● Exercise input:

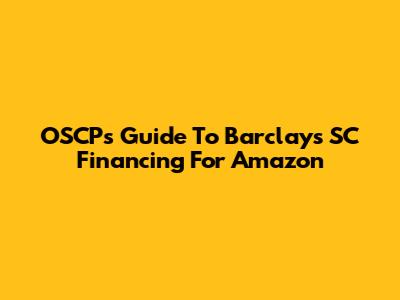 OSCP's Guide To Barclays SC Financing For Amazon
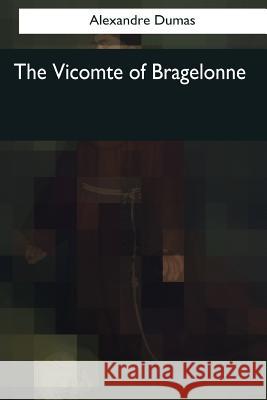 The Vicomte of Bragelonne Dumas Alexandre                          Robert Singleton Garnett 9781545077924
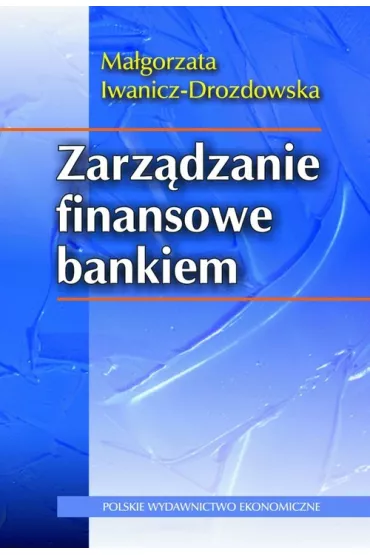 Zarz�dzanie finansowe bankiem - Ma�gorzata Iwanicz-Drozdowska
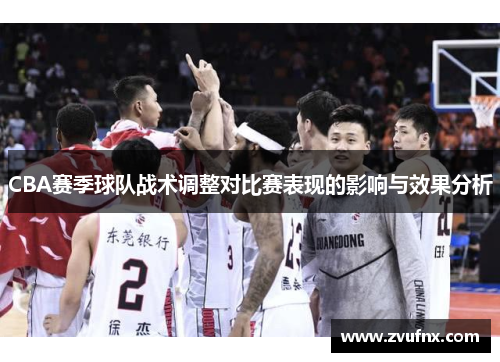 CBA赛季球队战术调整对比赛表现的影响与效果分析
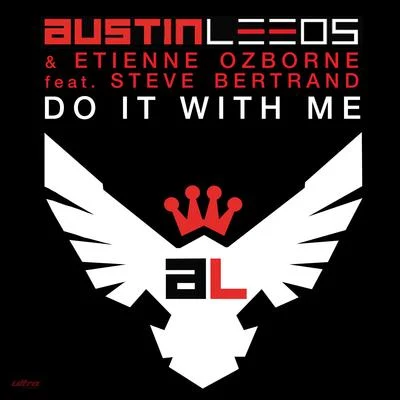 Do It With Me (Avicii Remix) 專輯 Etienne Ozborne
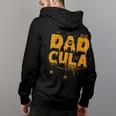 Dadcula Daddy Matching Family Halloween Costume Dad Hoodie Back Print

● Task prompt:
Each line from the first line of the data above through the one containing "CBA赛季球队战术调整对比赛表现的影响与效果分析" must be set down exactly; the pictures must not be.

● Response:
 OSCP's Guide To Barclays SC Financing For Amazon
 The Vicomte of Bragelonne Dumas Alexandre                          Robert Singleton Garnett 9781545077924
 Zarz�dzanie finansowe bankiem - Ma�gorzata Iwanicz-Drozdowska
 CBA赛季球队战术调整对比赛表现的影响与效果分析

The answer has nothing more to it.